La frecuencia de esa descalificativo –populismo- me hace recordar la fuerza que tuvo –no ha desaparecido- el uso del término fascista para negar el pan y la sal a los adversarios: fue una invención marxista, sin apenas fundamento objetivo en la realidad, salvo para Benito Mussolini, como a mi entender demostró cumplidamente François Furet en su monumental obra sobre el “pasado de una ilusión”: no ilusión en el sentido de esperanza o sueño magnánimo, sino en el de creación irreal, imaginativa, como sambenito excluyente del enemigo capitalista.

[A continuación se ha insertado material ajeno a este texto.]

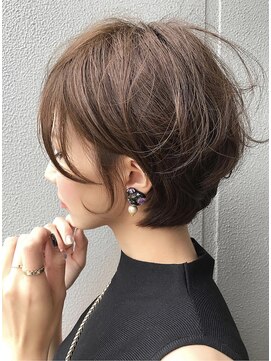 ペネロープ(Penelope) 動く質感ショート　くびれショート　ハンサムショート　YACHI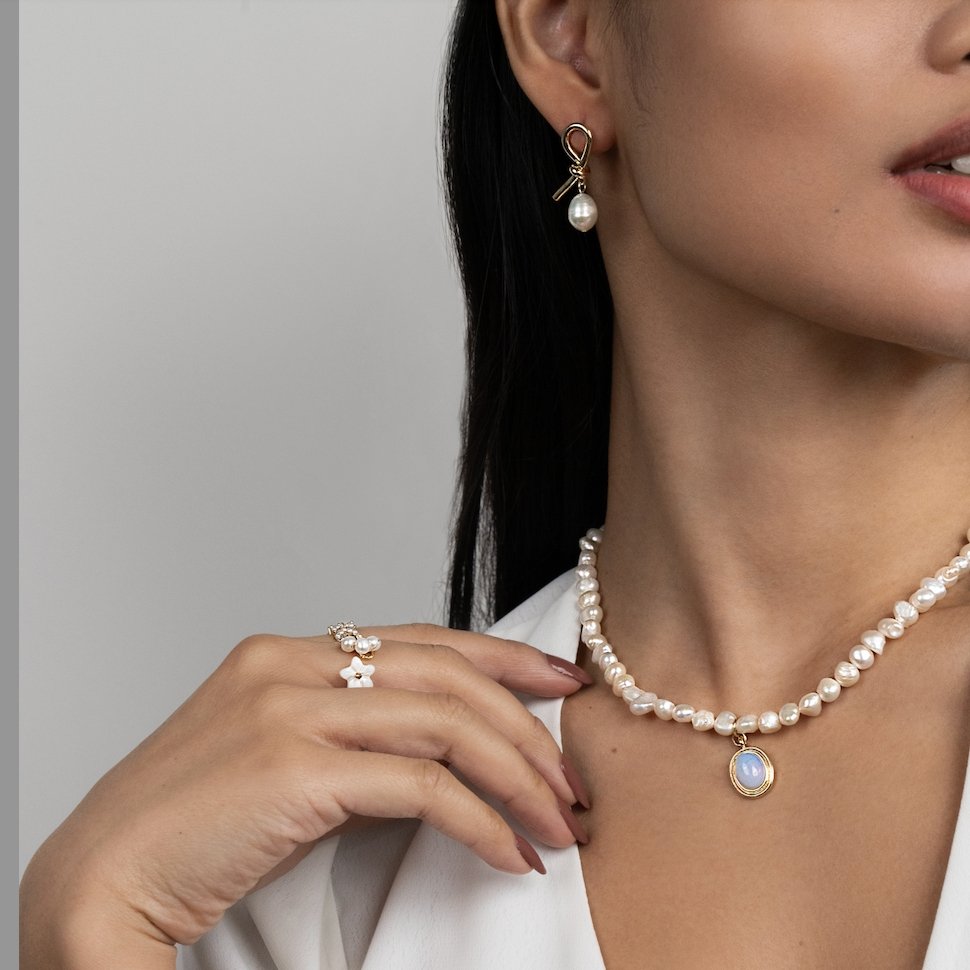 Evelina – Aretes Nudo Dorado y Perlas de Agua Dulce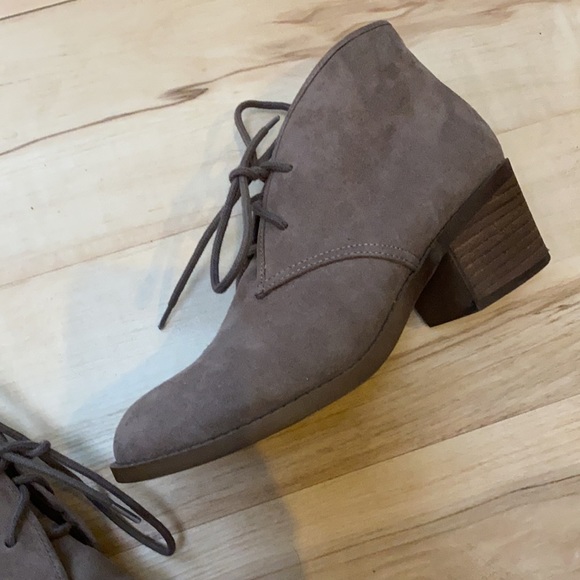 Carlos Graham 7.5 Heel Ankle Booties - Picture 2 of 8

No sé hasta qué punto el término populismo ha tomado el relevo. La insatisfacción social y la protesta crecen con el avance del bienestar, no exento de tantas desigualdades que provocan envidia, porque las diferencias no son siempre fruto de injusticias. Lo explicó bien Alejandro Llano en La nueva sensibilidad. Cuando parecía consolidado el “fin de la historia”, según la feliz pero fracasada anticipación de Francis Fukuyama, la grave crisis del sistema democrático en el siglo XXI exige soluciones: algunos la presentan en términos supuestamente populistas, que parece un remedo en otra dirección de los mesianismos políticos del siglo XX, que provocaron la gran catástrofe universal.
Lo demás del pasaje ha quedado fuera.